Collins English Dictionary: a comedy series involving the same characters in various day-to-day situations which are developed as separate stories for each episode Also called sitcom.
Webster's: a television or radio series made up of independent episodes depicting the comic adventures of a fixed group of characters. ()
Situation comedy narratives generally centre on the middle-class home, and are usually characterised by episodic structure from week to week. In the Sit Com there is an emphasis on repetition and forestalling of closure in terms of the series as a whole. Characters do not learn or develop across episodes. Situation comedies also tend to be set in clearly defined settings, with a limited range of characters, and a fair degree of emphasis on characters-as-stereotypes: this places the Situation comedy close to the Soap Opera, (especially if there is further emphasis on emotional interrelationship). (http://www.glyndwr.ac.uk/rdover/med-stud/situatio.htm)

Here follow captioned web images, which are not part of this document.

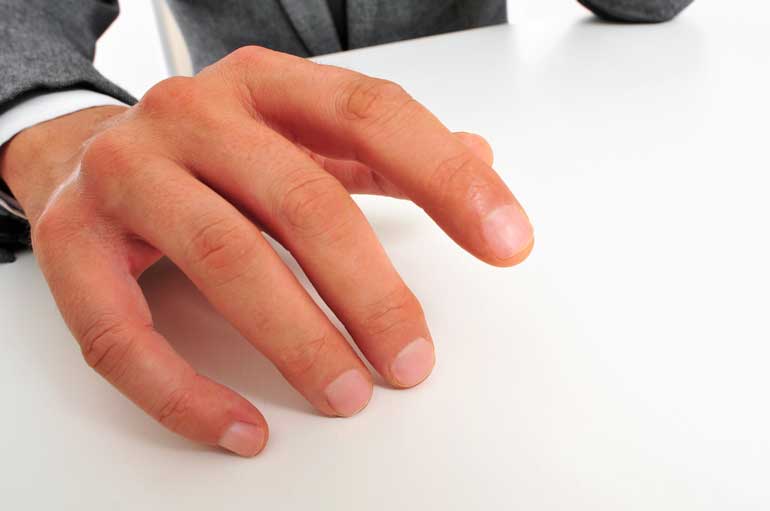 Fingerprints reveal: High blood pressure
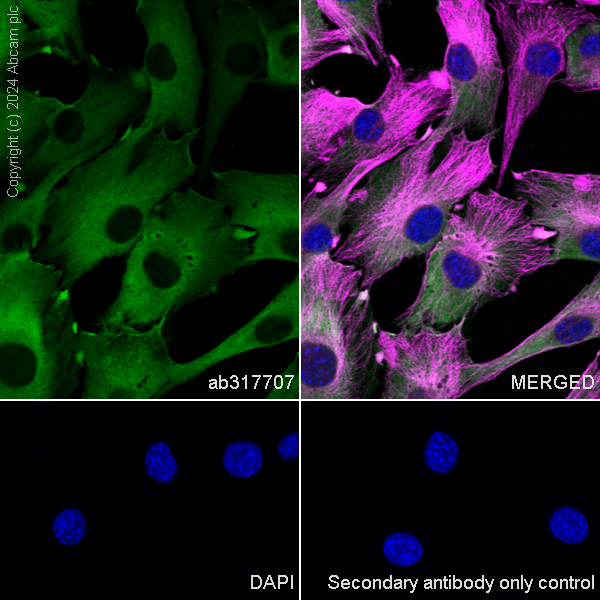 Immunocytochemistry/ Immunofluorescence - Anti-Hsp27 antibody [RM1148] (ab317707), expandable thumbnail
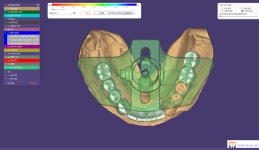 트렌디치과기공소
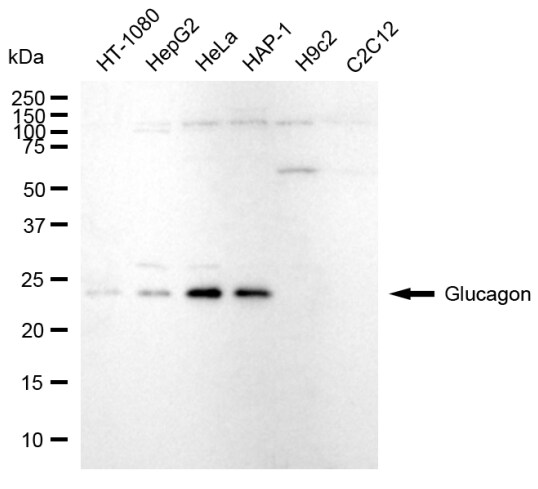 GLP2 Antibody (24GB2965)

See also theories of comedy.
Examples of Situation Comedies:
1950s: I Love Lucy
1960s: The Dick Van Dyke Show, The Addams Family, The Munsters, The Beverly Hillbillies, Green Acres, The Andy Griffith Show
1970s: The Brady Bunch, All in the Family, The Mary Tyler Moore Show, Laverne and Shirley,
1980s: The Cosby Show, Roseanne, Seinfeld, Everybody Loves Raymond, The Golden Girls, The Simpsons,
1990s: That 70s Show, Home Improvement, Fresh Prince of Bel-Air, South Park, Friends,
2000s: Scrubs, 30 Rock, The Office, Modern Family, Parks and Recreation, 2 Broke Girls
Historical Precedents for Situation Comedy
"Sentimental Comedy" & New Attic Comedy
Goldsmith, "A Comparison between Laughing and Sentimental Comedy."
If we apply to authorities, all the great masters in the dramatic art
have but one opinion. Their rule
is, that as tragedy displays the
calamities of the great, so comedy should excite our laughter, by ridiculously
exhibiting the follies of the lower part of mankind.

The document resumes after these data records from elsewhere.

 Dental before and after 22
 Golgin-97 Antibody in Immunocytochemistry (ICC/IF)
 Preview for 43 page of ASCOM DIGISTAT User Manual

Boileau, one of the best of modern critics, asserts that comedy
will not admit of tragic distress. . . .
When tragedy exhibits to us
some great man fallen from his height, and struggling with want and adversity, we
feel his situation in the same manner as we suppose he himself must feel,
and our pity is increased in proportion to the height from whence he fell.

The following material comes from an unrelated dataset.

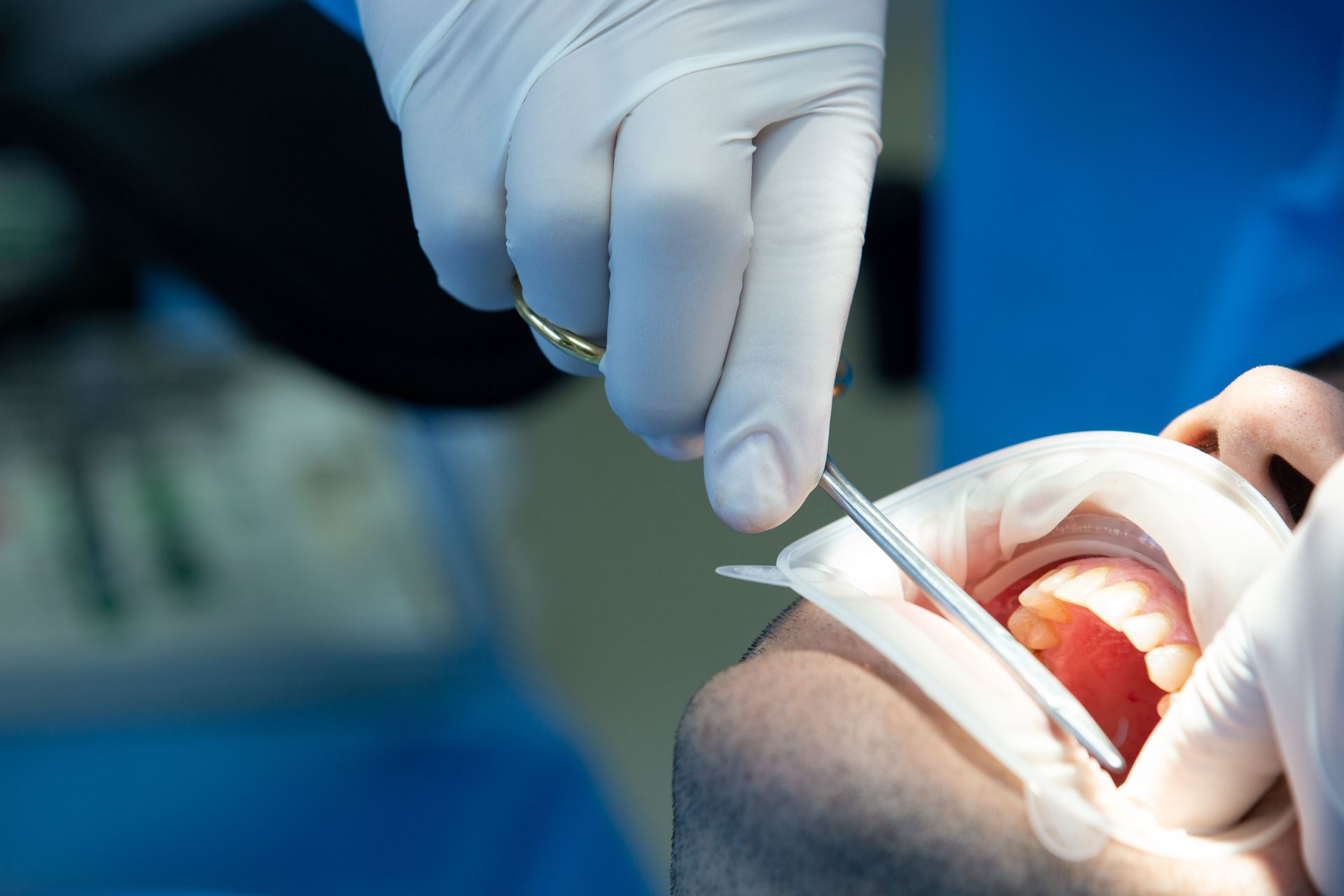 Odontólogo examinando la boca abierta de un paciente con guantes y herramientas dentales.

On the contrary, we do not so
strongly sympathize with one born in humbler circumstances, and encountering
accidental distress . . . . The
one has our pity; the other our contempt. Distress,
therefore, is the proper object of tragedy, since the great excite our pity by
their fall; but not equally so of comedy, since the actors employed in it are
originally so mean [i. e., low or foolish], that they sink but little by their
fall. . . .
Yet notwithstanding this weight of authority, and the universal practice
of former ages, a new species of dramatic composition has been introduced under
the name of sentimental
comedy [compare to TV
"situation comedies" or "sitcoms"], in which the virtues
of private life are exhibited, rather than the vices exposed, and the distresses
rather than the faults of mankind make our interest in the piece.
These comedies have had of late great success, perhaps from their
novelty, and also from their flattering every man in his favourite foible.
In these plays almost all the characters are good, and exceedingly generous; . . .
[they] have abundance of sentiment and feeling. If they happen to have faults or foibles, the spectator is
taught not only to pardon, but to applaud them, in consideration of the goodness
of their hearts . . . .
New Attic Comedy:
The New Comedy (lasting from death of Alexander the Great in 323 BC till 260 BC) is more like "situation comedies" (a.k.a. "sitcoms"; e.g., Two and a Half Men, 30 Rock, How I Met Your Mother) in being more realistic and domestic, less controversial.
Nietzsche compares this change to the change in tragedy from the heroic and mythical Aeschylus and Sophocles to the realistic and rational Euripides.